I’m not really sure how they compare from a technical perspective. Based on the output waveform in post #18 it seems that when implemented with the external FET, the QX7136 behaves pretty differently from the xxx7135. If I recall correctly a 7135 will turn fully on and off during PWM.
When used by itself the QX7136 can be set to between 10mA and 400mA using an external resistor. I have not tried using them that way, this is my first implementation with the QX7136. I don’t see much point in using them that way anyway.

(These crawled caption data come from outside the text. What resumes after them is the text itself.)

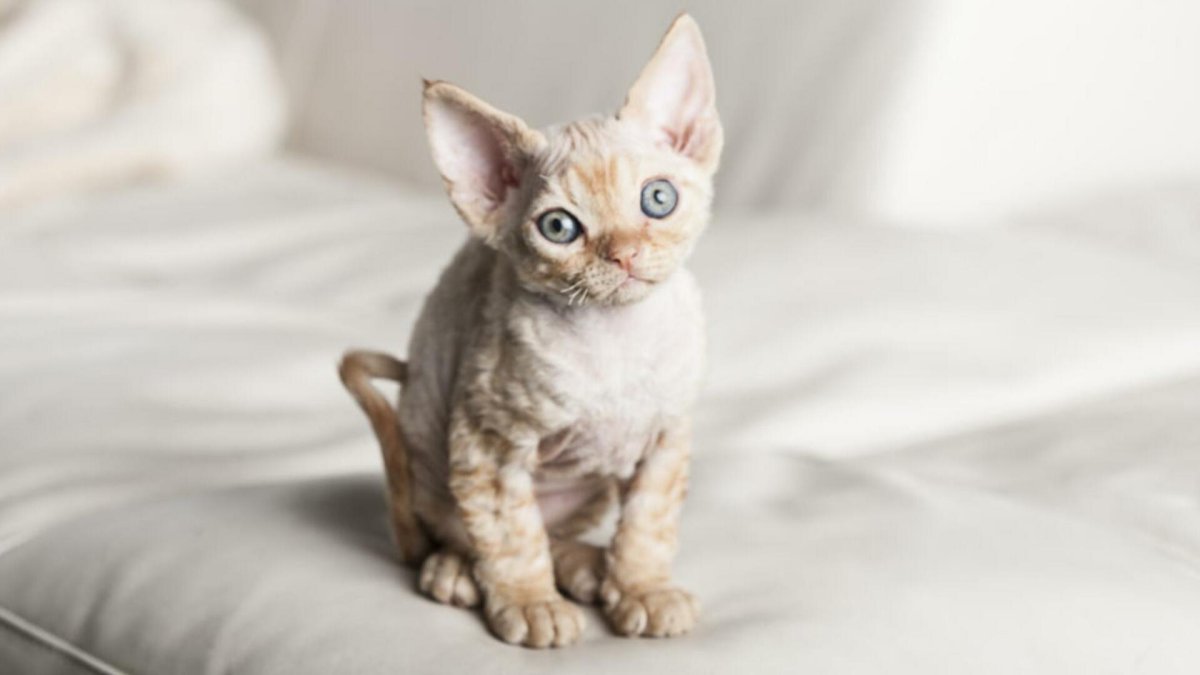 Порода Девон рекс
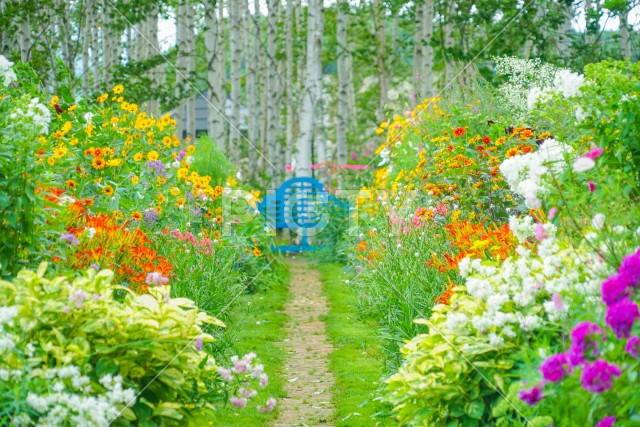 色とりどりの花に囲まれた道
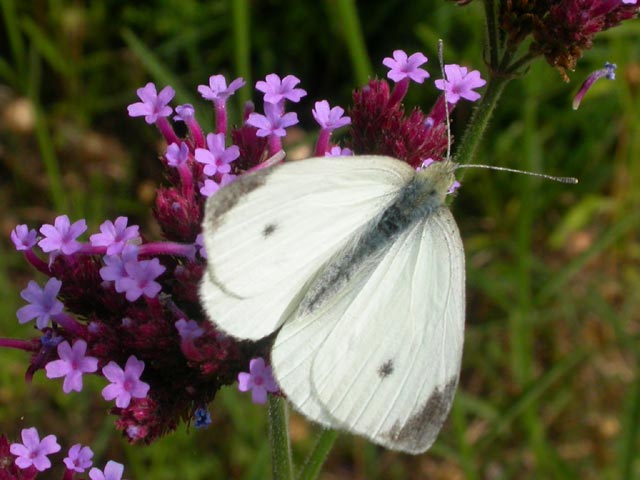 Small White butterfly on Verbena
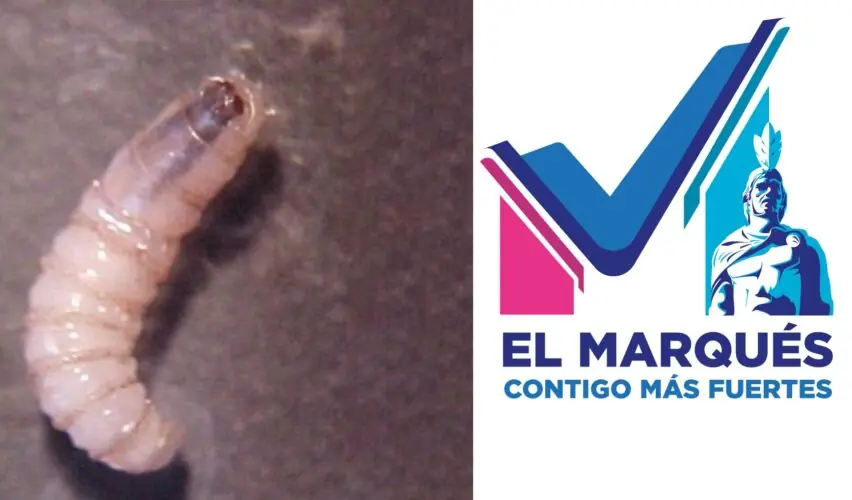 Lee más sobre el artículo Se atendió primer caso de gusano barrenador en El Marqués; fue un perro en Los Pocitos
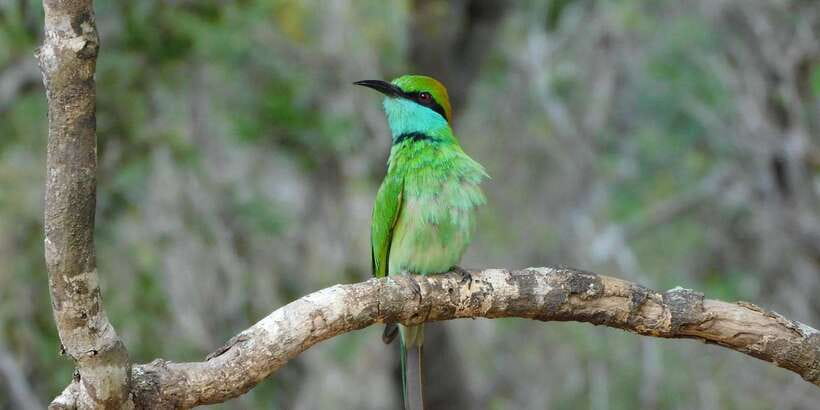 Bundala National Park Safari (PRIVATE TOURS) - Practical tips so you get the most from your Bundala drive
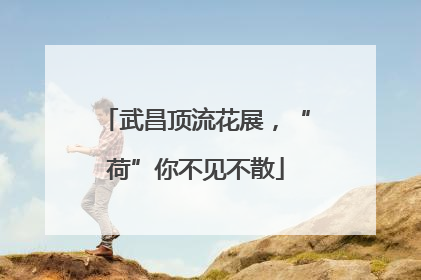 武昌顶流花展，“荷”你不见不散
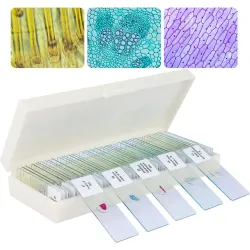 Paruošti preparatai (preparuotos slidės)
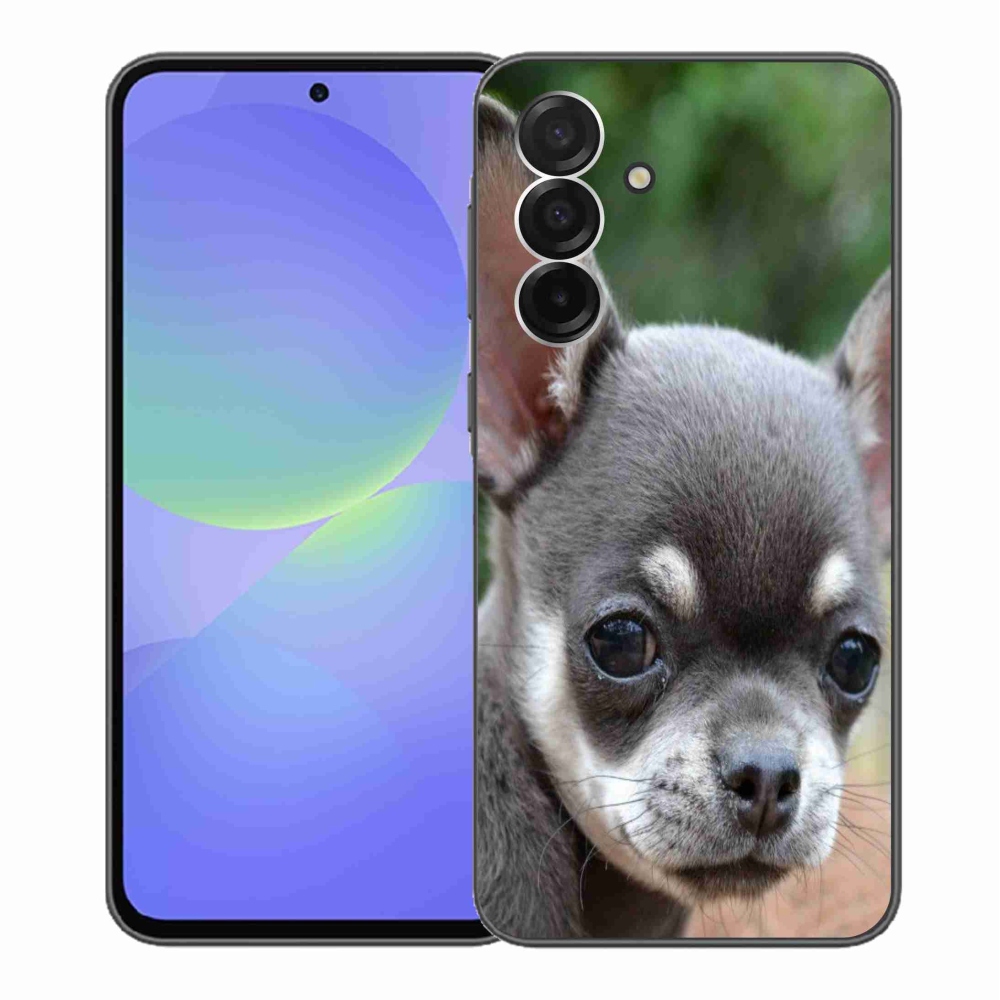 Gél borítás mmCase Samsung Galaxy A36 5G - chihuahua - Samsung Galaxy A36 5G - chihuahua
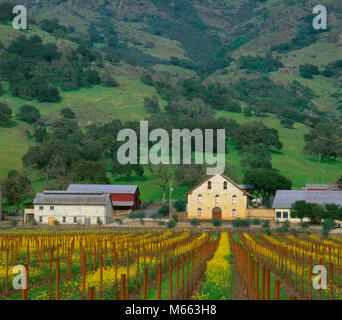 Regusci Vineyards, Wild Mustard, Sinapis arvensis, Napa Valley, California Stock Photo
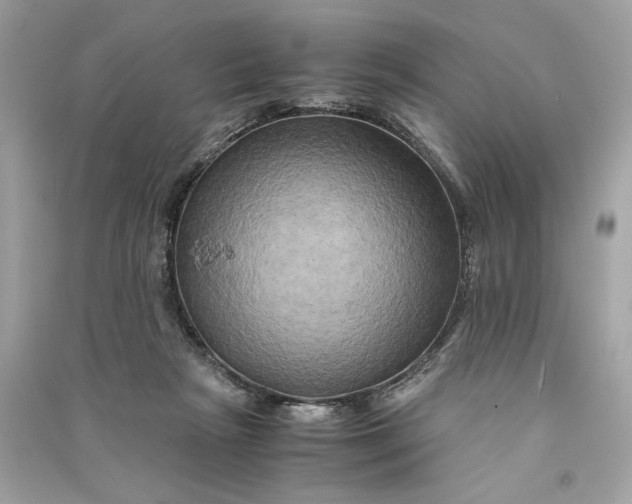 X0000090760265200708101754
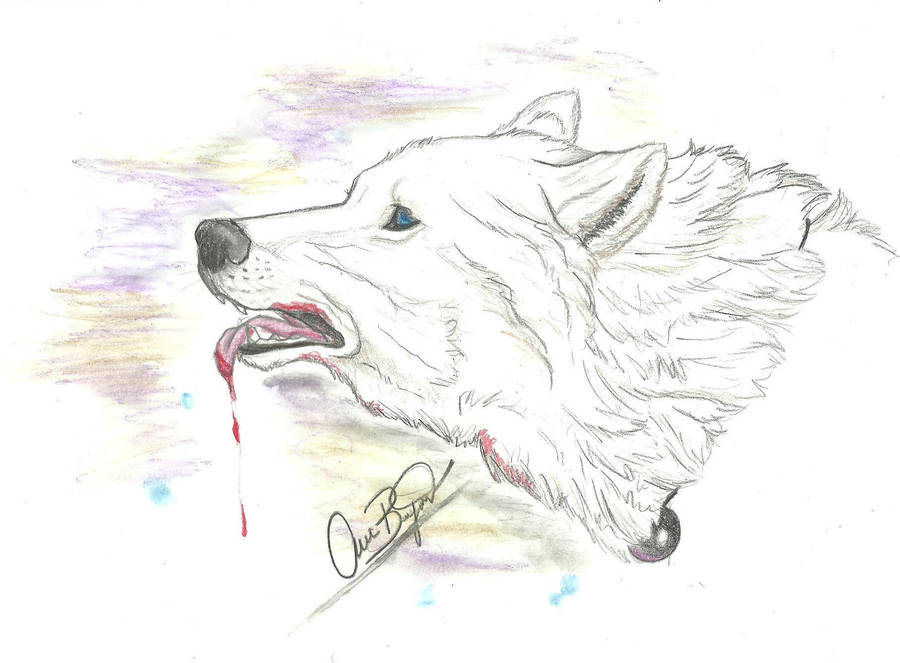 My lost inner thoughts by Aric414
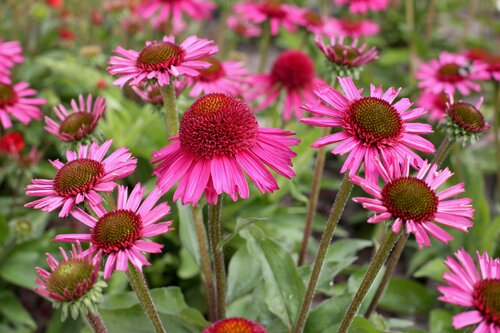 Echinacea Delicious Candy 3 Litre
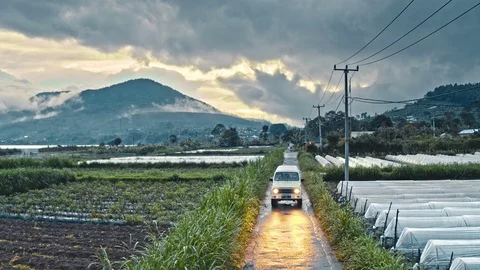 Fields and agricultural zone Stock Footage 86746400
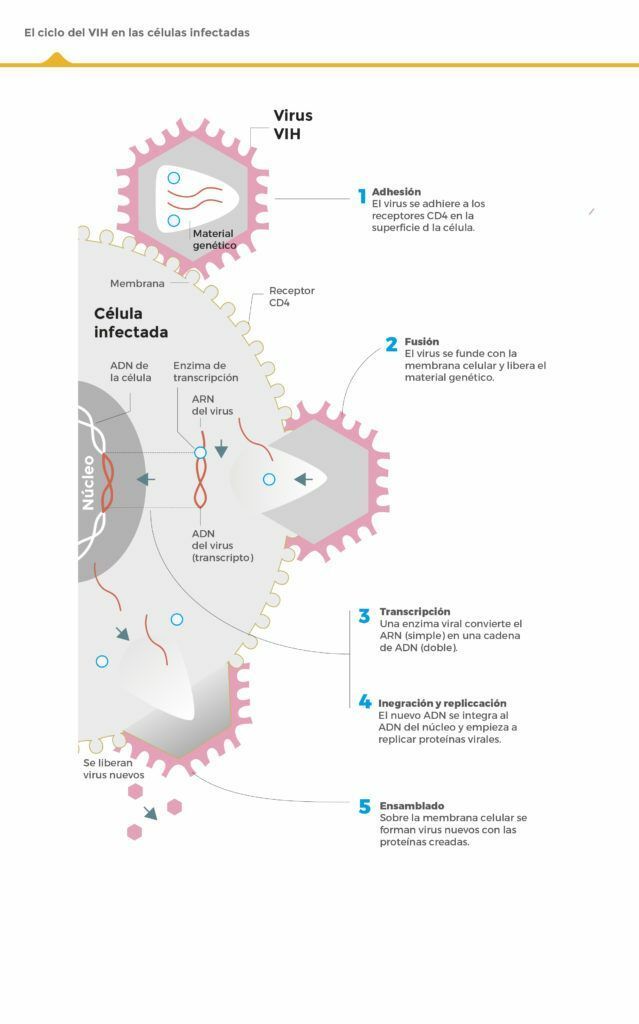 EN REVISIôN VIH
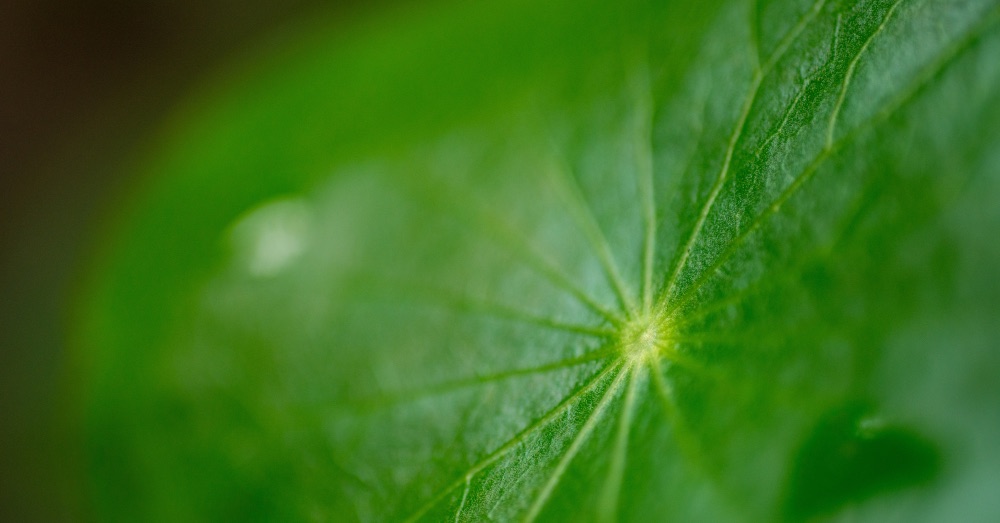 7 Plantas purificadoras de aire para tener en casa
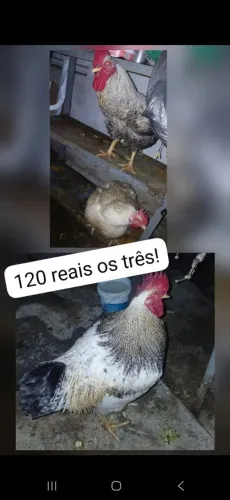 Os três por 120 reais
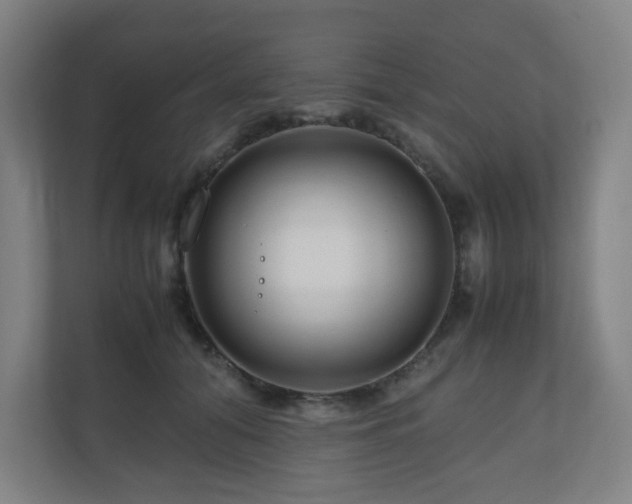 X0000111120608200906301312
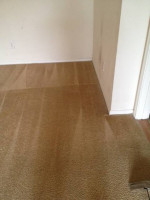 Carpet Cleaning 3 Rooms @ Pet Stain Removal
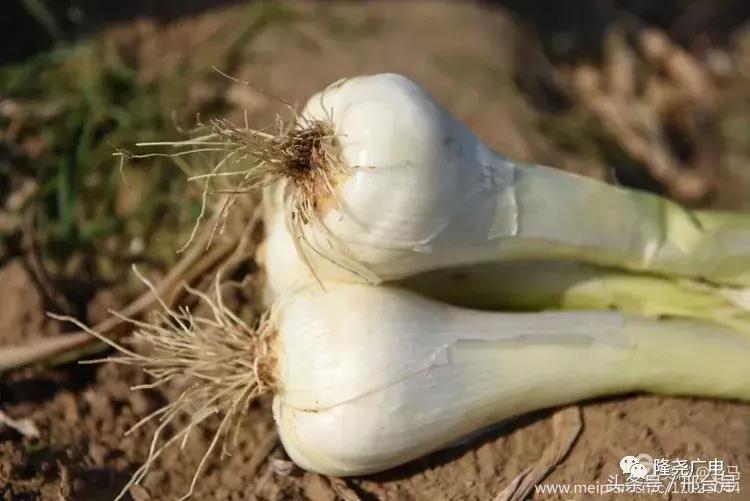 邢台隆尧特色小吃,邢台隆尧好吃的美食推荐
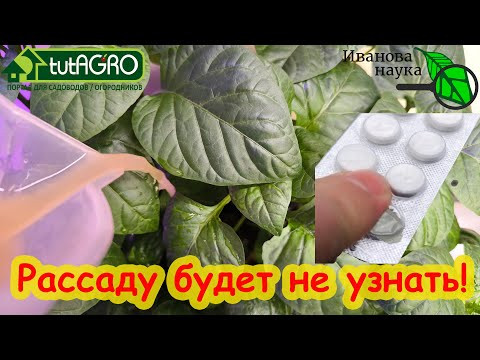 РАССАДУ не узнать от этой ДЕШЕВОЙ подкормки: рассада здоровая, крепкая, коренастая и ничем не болеет РАССАДУ не узнать от этой ДЕШЕВОЙ подкормки: рассада здоровая, крепкая, коренастая и ничем не болеет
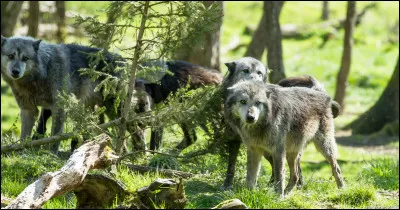 Aimes-tu quand il faut beaucoup marcher ?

I can probably help you out if you need it. That said, this eBay seller shipped promptly and packaged well, I was happy with the purchase: http://www.ebay.com/itm/370787091970 The listing says that they ship worldwide.
There are other products which are also called 7136, be sure not to become confused when shopping. The HT7136 is definitely NOT the same thing, if a person was in a hurry they could accidentally purchase the wrong thing.
OK, I’ve implemented “bypass” on my stripboard. My test setup has a lot of resistance, but it does function properly with a high-drain cell.
In order for the bypass to function, code changes were required. Basically the normal ATtiny pin-output “off” state causes a problem when hooked up to the DRV/gate stuff. Therefore we cannot use the code Werner posted over here (post#61). Instead we must keep that pin in High Impedance mode, what Atmel calls “Tri-state” or “Hi-Z”. When we’re ready to do the bypass we then put the pin in Output High (Source) mode. Table 10-1 in the datasheet shows the register setup necessary.
I’m putting the proof-of-concept code here. Sorry my code sucks so bad, it’s just a proof-of-concept. It’s not intended to provide a usable interface. EDIT: hint - the bypass is only functional in v009.c. Earlier versions are me mucking around with testing levels and things or me figuring out how we needed the pin state setup.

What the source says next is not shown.